Reise entlang der Weltgrenze

Der Nullmeridian teilt den Globus in Ost und West. Dass er ausgerechnet durch die britischen Stadt Greenwich verläuft, ist allerdings Willkür. Der niederländische Journalist und Autor Alfred van Cleef wollte wissen, wer sonst noch an der zufälligen Grenze lebt - und hat den Meridian bereist.
Die Null ist eine faszinierende Zahl, weil sie keine ist. Sie ist bloß ein willkürliches Zeichen für etwas ohne konkreten (Zahlen-)Wert. Ein Artefakt, weit östlich von Europa erdacht zur besseren Beherrschung der Natur durch Berechnung der Planeten. Elementar für die Ordnung der Welt in Zeiten und Räume und für die früheste Form der Globalisierung: Der weltweite Handel ist ohne Dezimalsystem nicht denkbar. Ein Paradox obendrein - wer eine Null ist, zählt nichts, aber eine nachgestellte Null macht jede Zahl größer.

Alfred van Cleef wächst auf in einem Stadtteil "aus rechteckig angelegten Straßen", inszeniert Straßenverkehr auf dem Teppich und verspürt schon als Kind einen "unaufhaltbaren Ordnungsdrang". Weshalb ihn alles "Chaotischere", die Ränder seiner allmählich wachsenden Welt magisch anziehen. Er wird erst manischer Sammler von Karten und Plänen, dann Reporter, reist über den Globus und beobachtet und berichtet, wie es wo um Ordnung und Chaos, zum Beispiel durch Krieg, bestellt ist.

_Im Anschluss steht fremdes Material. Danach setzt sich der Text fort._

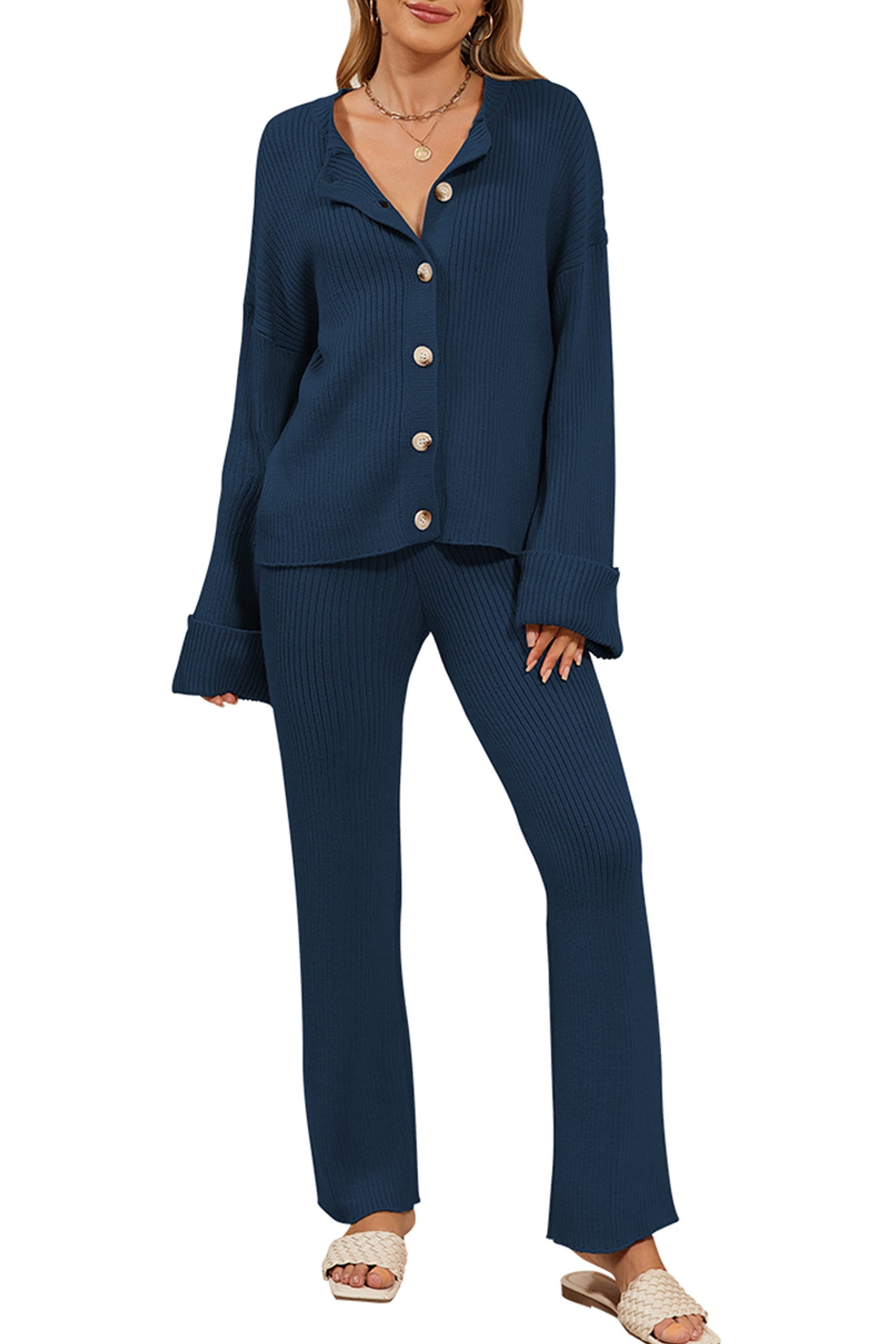 Cakulo Women's Loungewear Button Sweater & Wide Leg Pants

So jemand muss eines Tages ein Buch schreiben, dessen erstes Kapitel die Zählung 0 und den Titel Null hat und das von einer Reise entlang eines heute fast absurd willkürlich wirkenden Artefakts namens Nullmeridian erzählt: Jener imaginären Linie zwischen Nord- und Südpol, die 1884, in den Glanzzeiten des Weltmeere und -handel beherrschenden "British Empire", gezogen wurde und nicht nur Greenwich zum Zentrum der Weltzeit machte, sondern auch definierte, wer "im Osten" und wer "im Westen" wohnt.

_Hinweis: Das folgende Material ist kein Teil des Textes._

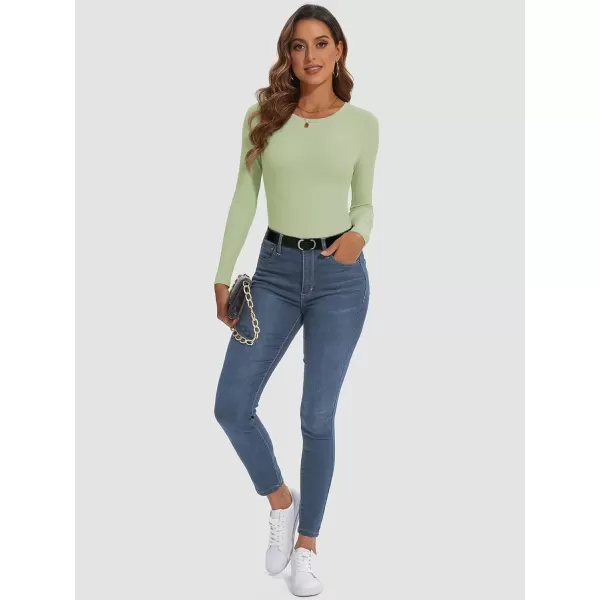 imageATHMILE Womens Long Sleeve Crewneck Ribbed Tops Fitted Stretch Casual Basic T Shirts 2024Mint Green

Der Nullmeridian zerteilt Flüsse, Wüsten, Dörfer und Städte, Straßen, sogar Häuser. Zum Glück ohne, dass deren Bewohner schizophren werden, bloß weil sie ein Ost-Schlafzimmer und eine West-Küche haben, oder umgekehrt. An manchen Orten wird er gewürdigt, zu sehen ist er - natürlich! - nirgends. Er markiert tatsächlich eine verborgene Weltordnung und führt nur zum kleineren Teil und nur auf der nördlichen Halbkugel über Land: vom abbröckelnden Städtchen Tunstall in Yorkshire bei 53°46' nB durch England, Frankreich, Spanien, Algerien, Mali, Burkina Faso und Togo bis in die künstlich erweiterte ghanaische Hafenstadt Tema bei 05°37' nB, kurz vorm Äquator. Boden unter die Füße bekäme man erst 8.400 Kilometer weiter südlich, im antarktischen Neuschwabenland: Eisboden.

Eines Augusttages zieht van Cleef mit Rucksack, GPS-Navi und Satellitentelefon für Notfälle los. Er beobachtet und berichtet, was alles so am Wegesrand liegt und wer dort wohnt. Wie leben die Menschen, was tun, was essen sie, wie machen sie sich (und ihm) das Leben schwer - bürokratisch, kriegerisch zum Beispiel? Und er trägt immensen Recherchestoff zusammen, um die in den vielen Geschichten der Menschen verborgene Geschichte herauszudestillieren. Und gleichzeitig eine Ahnung von der Winzigkeit aller Menschenordnung gegenüber der Natur, der Macht des Meeres zu vermitteln: "Was in Tunstall von den Klippen ins Meer gespült wurde, kam in Tema als Hafenerweiterung wieder hinzu." Der kunstvoll gespannte Bogen ist auch ein Paradox: Er hat etwas Tröstliches.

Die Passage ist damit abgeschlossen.